Menos invitados, más intención

Un estilo que ya se consolidó como postura estética: la micro boda que no renuncia a nada excepto al número. La premisa es una pregunta real: ¿a quién queremos genuinamente en el día más importante de nuestras vidas?  y la respuesta, depurada con honestidad, suele ser mucho más corta de lo que la presión familiar haría creer.
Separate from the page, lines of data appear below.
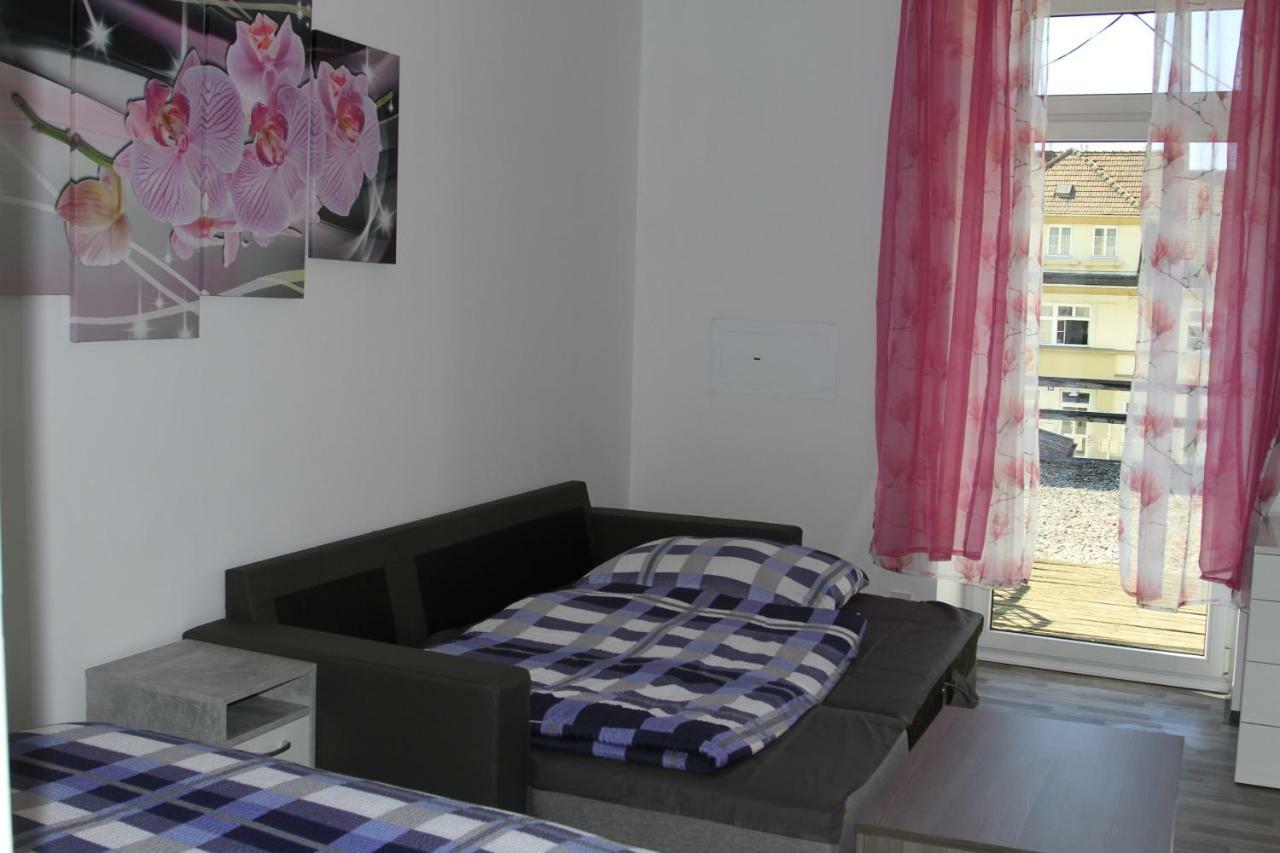 Apartment Fonhauser أمستيتين المظهر الخارجي الصورة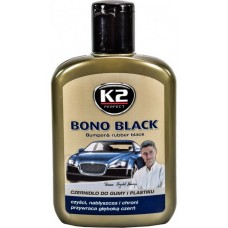 Средство для чернения шин и бамперов K2 Bono Black 200 мл (K030) купити в Україні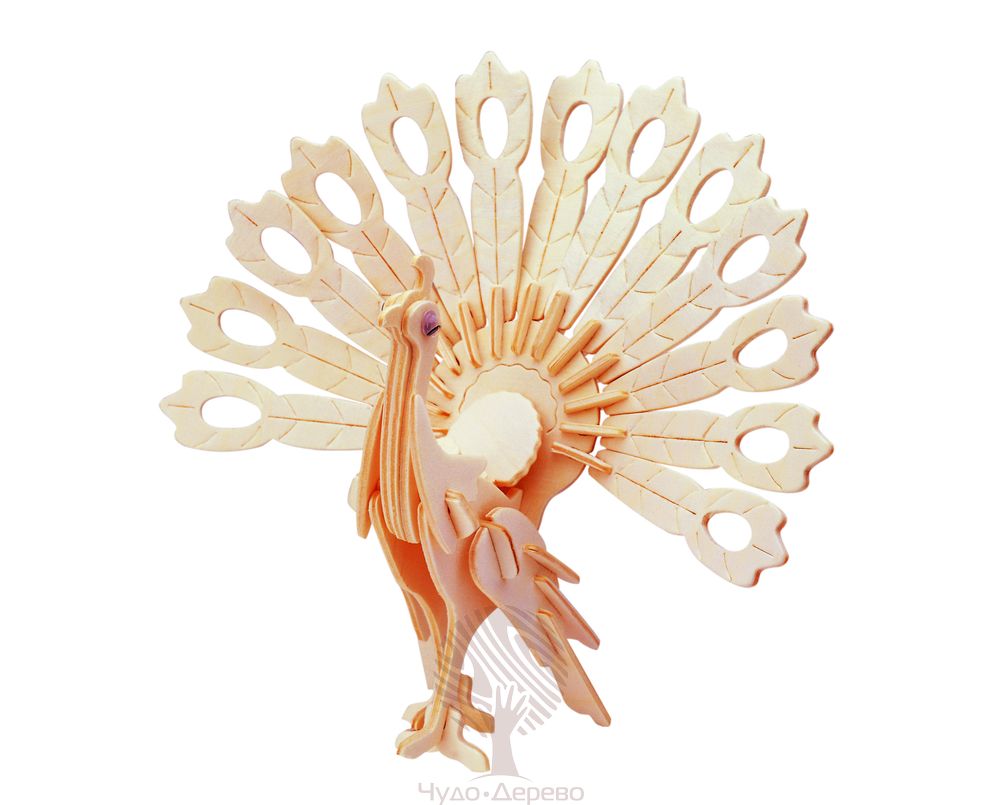 Павлин (малый), арт.: M014A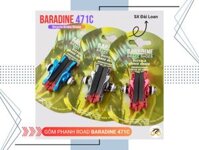 GÔM THẮNG CÀNG XE ĐẠP - BARADINE 471C - KIỂU THẮNG ROAD (1 CẶP)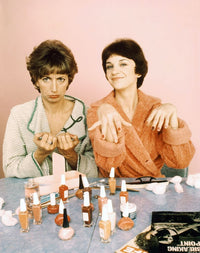 Laverne & Shirley Photo Print Featuring Penny Marshall & Cindy Williams (1976-83)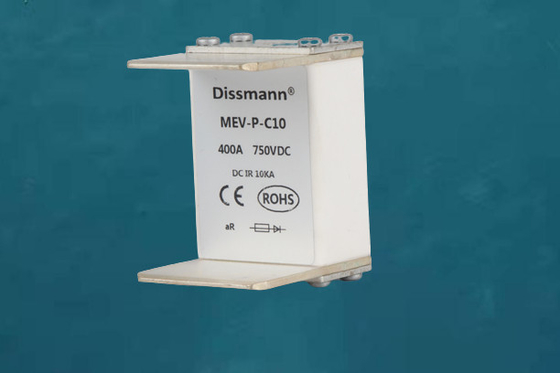 فیوز سیستم ذخیره انرژی AC690V / DC750V 16A-400A جریان نامی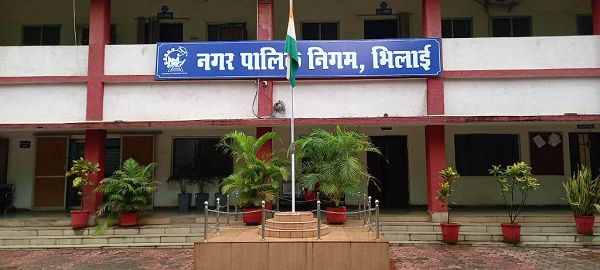 निगम मुख्य कार्यालय परिसर में सुशासन तिहार आज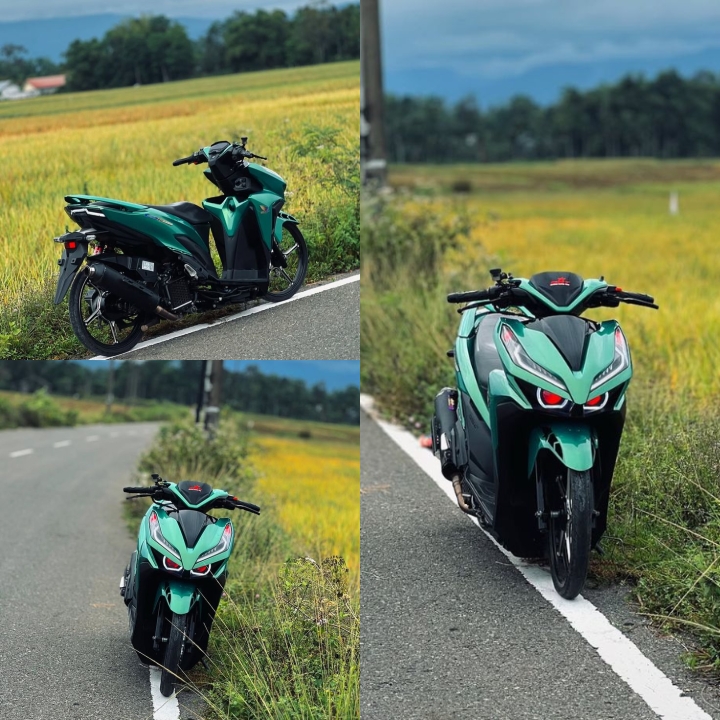 3 foto motor HD
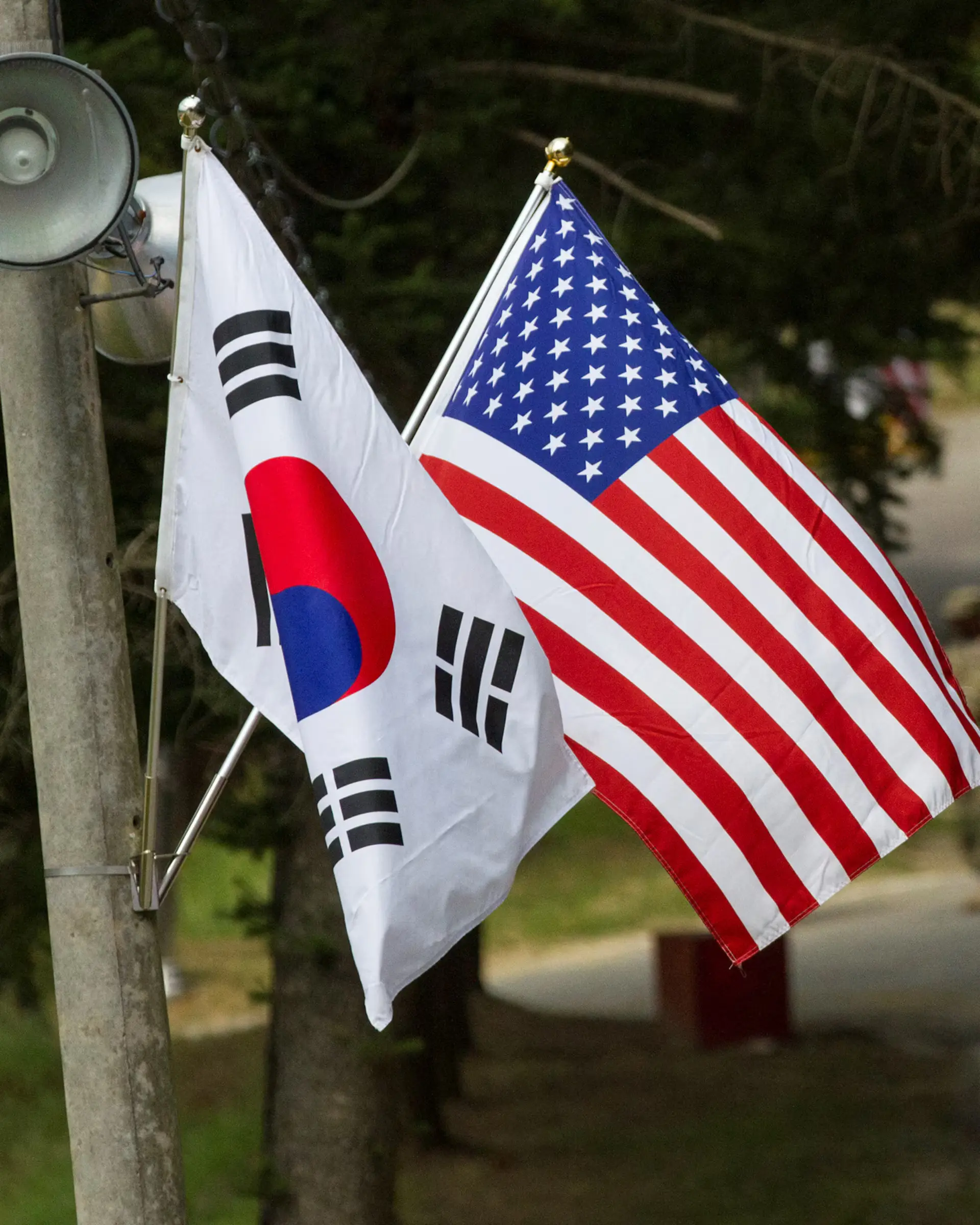 South Korea races to avert US tariff threat with last-minute trade push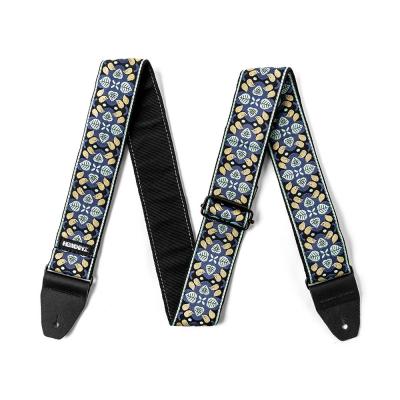 JIM DUNLOP ジムダンロップ JH29 Jimi Hendrix Foliate Strap ギターストラップ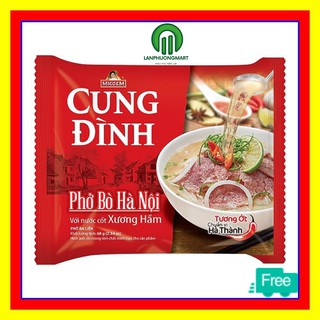 Phở cung đình hà nội bò gà 5 gói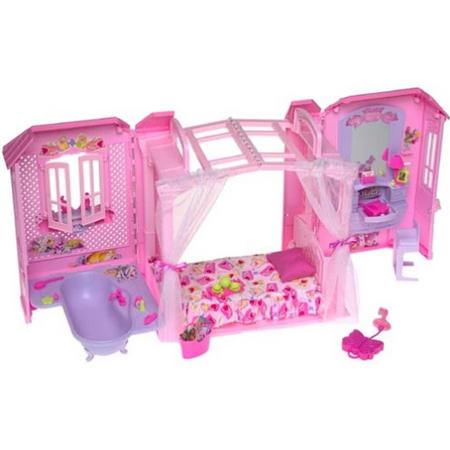 Barbie - Magi-Key House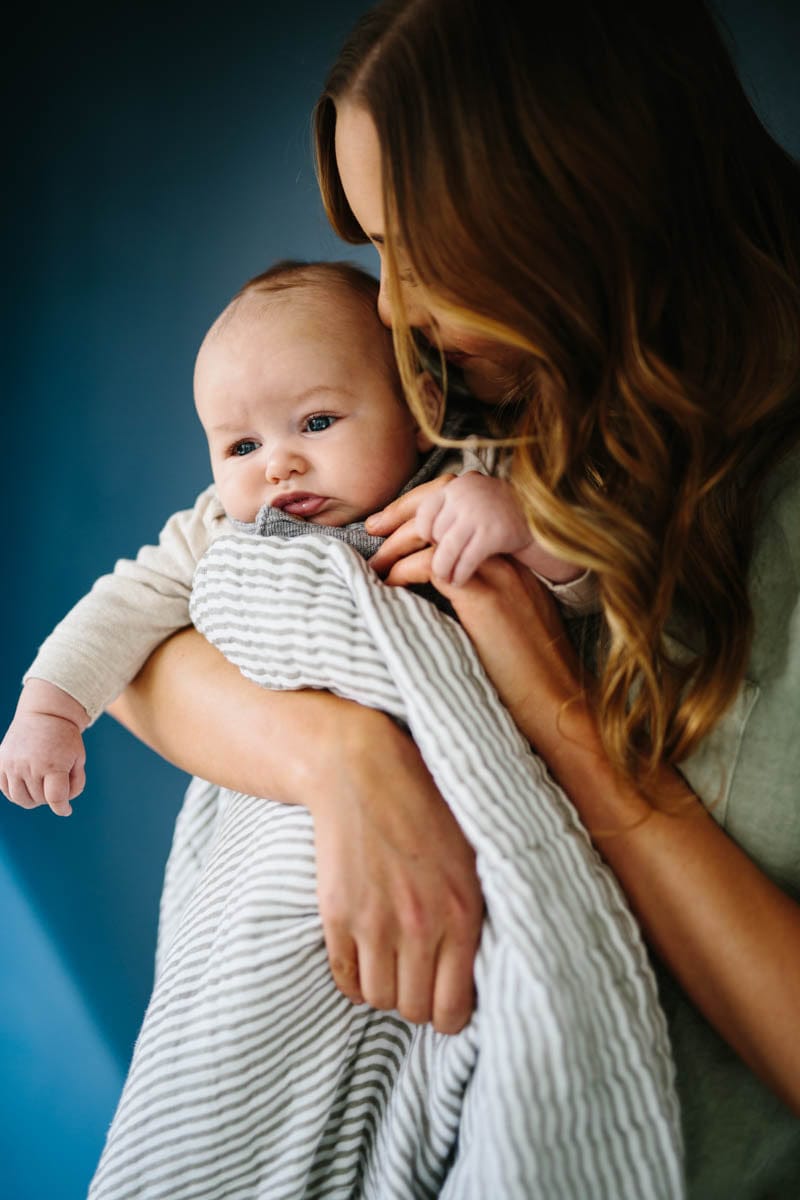 Little Unicorn Cotton Muslin Swaddle 3 Pack - Forest Friends 2 Set - UB0045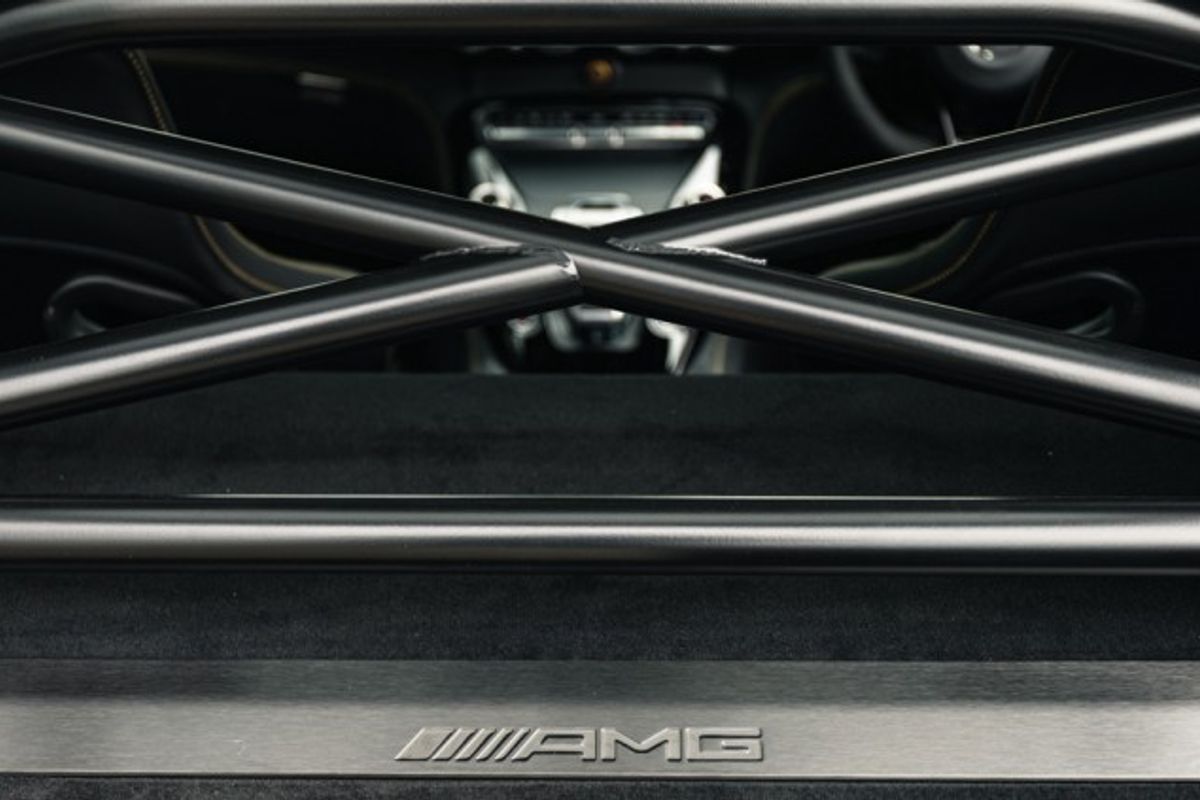 MERCEDES-BENZ AMG GT COUPE 4.0 AMG GT R PREMIUM 2DR AUTOMATIC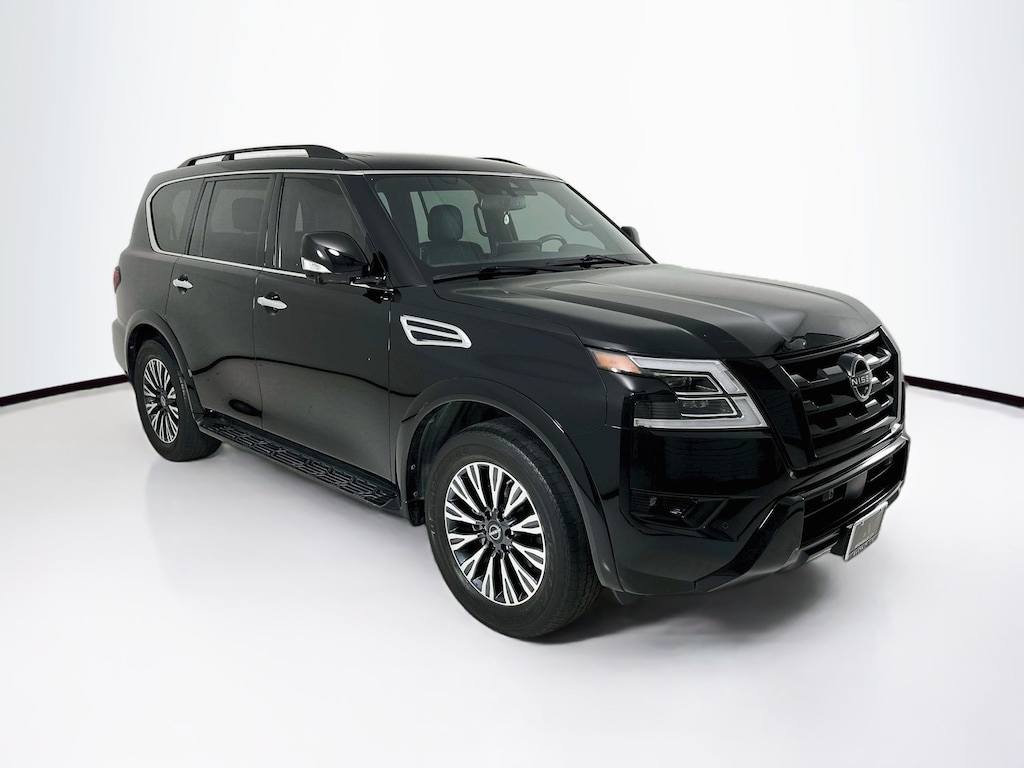 Used 2023 Nissan Armada SL SUV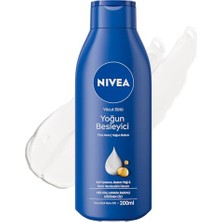 Ertürk Store Nemlendirici Vücut Sütü 200 Ml, Yoğun Besleyici, Hyaluron, Badem Yağı, Kuru Cilt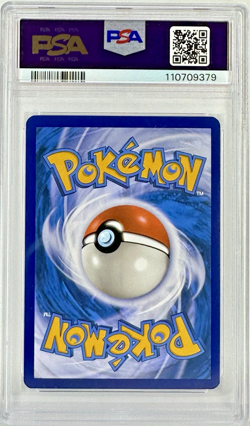 PSA 9 PAL EN Mismagius #212 IR - 2023 Pokemon Sv02: Paldea Evolved 212/193 - Image 2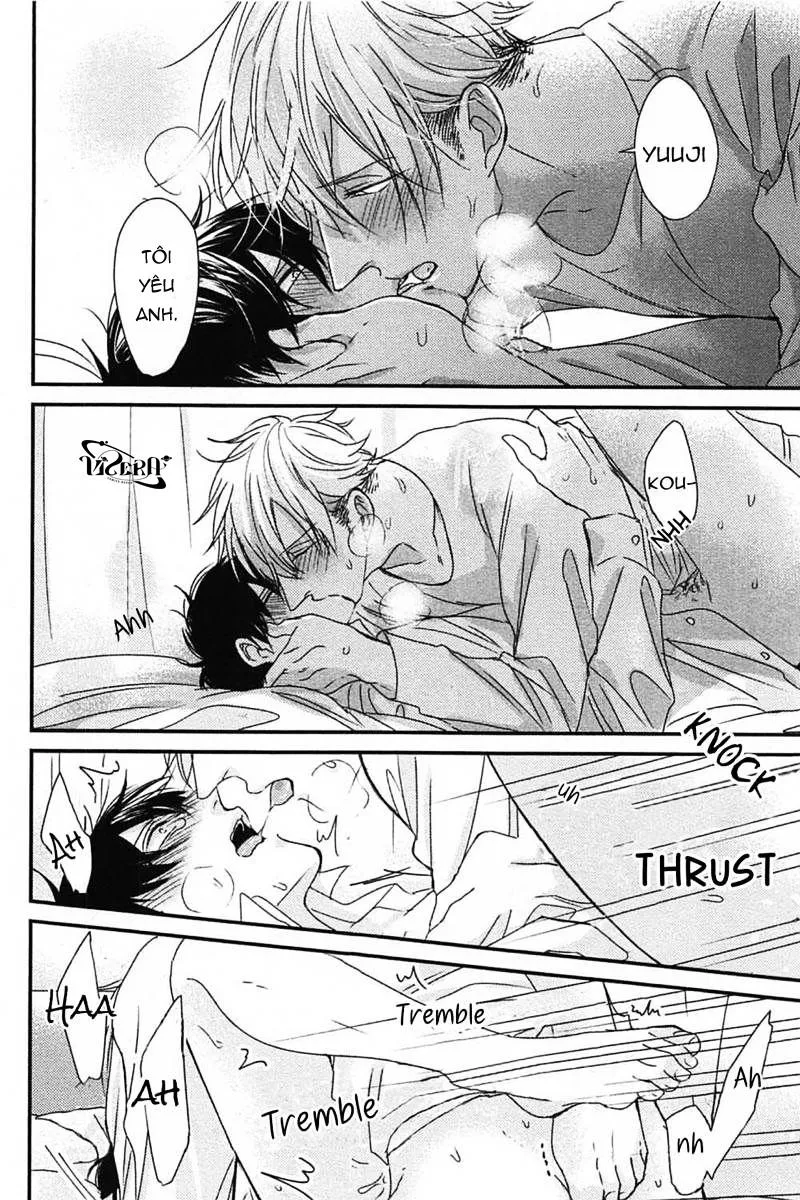 Con Quỷ Tà Dâm Không Cho Tôi Ngủ Chapter 7 Trang 24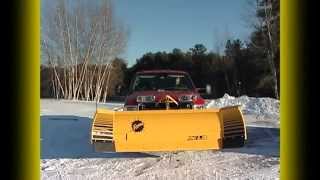 FISHER® XLS™ Expandable Length Snowplow [upl. by Basset126]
Lo que se hace con el presupuesto liberado es lo que define el estilo. Una cena en un restaurante excepcional, una hacienda privada para un fin de semana completo, flores que cuestan lo que cuestan porque no hay que multiplicarlas por 40 mesas. Cada detalle visible es apreciado porque no se diluye en el volumen de una boda gigante. Sin embargo, en el contexto latinoamericano, donde la boda grande tiene aún un peso cultural significativo, elegir este camino requiere una conversación que no siempre es fácil, pero que las parejas que la tienen suelen describirlo como la decisión de la que menos se arrepienten.

Lo que tienen en común estos cuatro estilos es que ninguno existe para impresionar a una audiencia genérica, sino que cada uno es una respuesta a la misma pregunta: “qué tipo de día queremos vivir, no qué tipo de boda queremos demostrar”. Esa distinción es la que lo cambia todo.